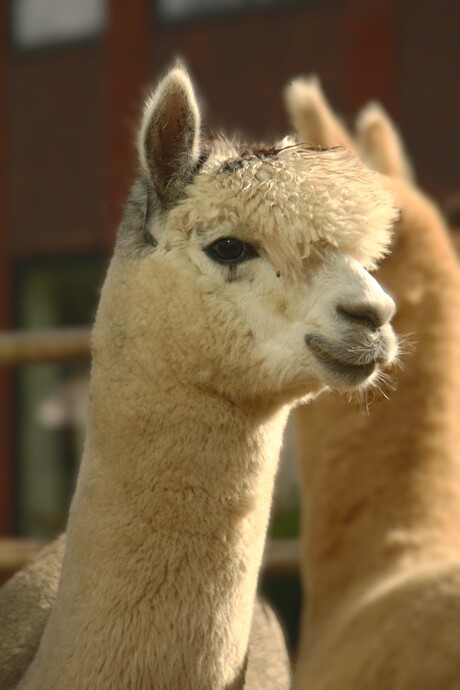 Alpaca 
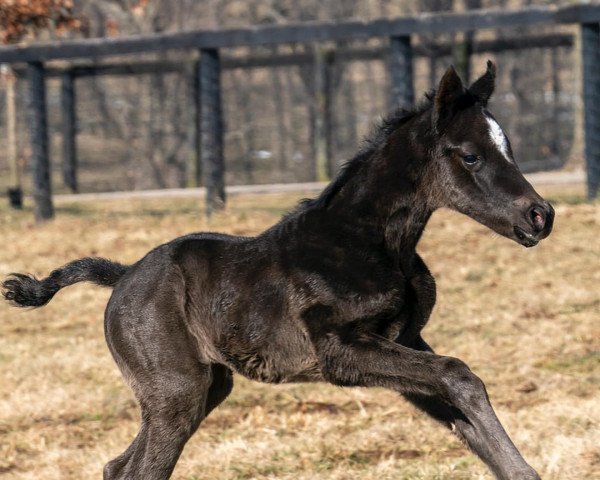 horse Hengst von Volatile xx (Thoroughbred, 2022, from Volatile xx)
--
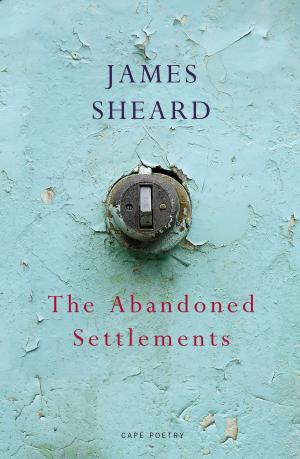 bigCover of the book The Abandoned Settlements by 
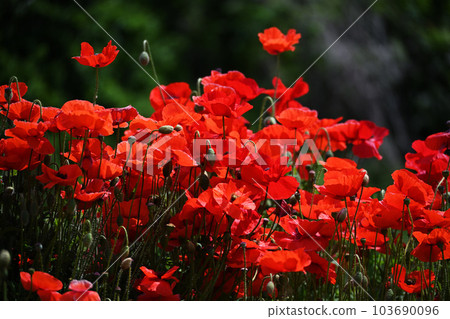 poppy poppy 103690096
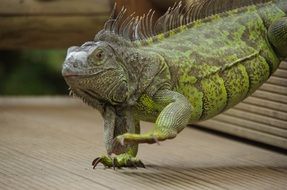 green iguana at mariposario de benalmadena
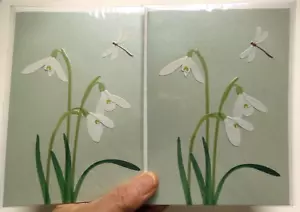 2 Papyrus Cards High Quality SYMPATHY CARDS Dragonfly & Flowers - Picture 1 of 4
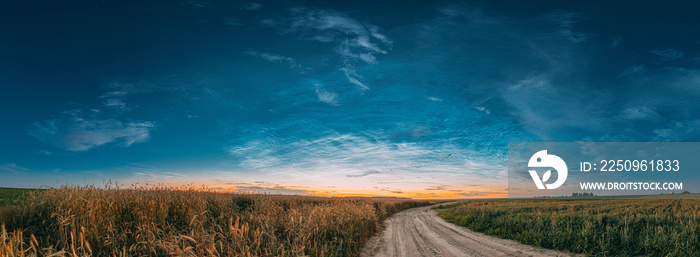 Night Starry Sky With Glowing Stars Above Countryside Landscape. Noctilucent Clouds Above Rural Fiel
* * *
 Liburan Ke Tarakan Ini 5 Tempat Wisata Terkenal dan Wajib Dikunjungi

* WORK REQUIRED
Could you write out exactly the lines of the data above that run from the one holding "bigCover of the" to the one holding "Night Starry Sky", with both ends in and all pictures out?

* SOLUTION
 bigCover of the book The Abandoned Settlements by 
 poppy poppy 103690096
 green iguana at mariposario de benalmadena
 2 Papyrus Cards High Quality SYMPATHY CARDS Dragonfly & Flowers - Picture 1 of 4
 Night Starry Sky With Glowing Stars Above Countryside Landscape. Noctilucent Clouds Above Rural Fiel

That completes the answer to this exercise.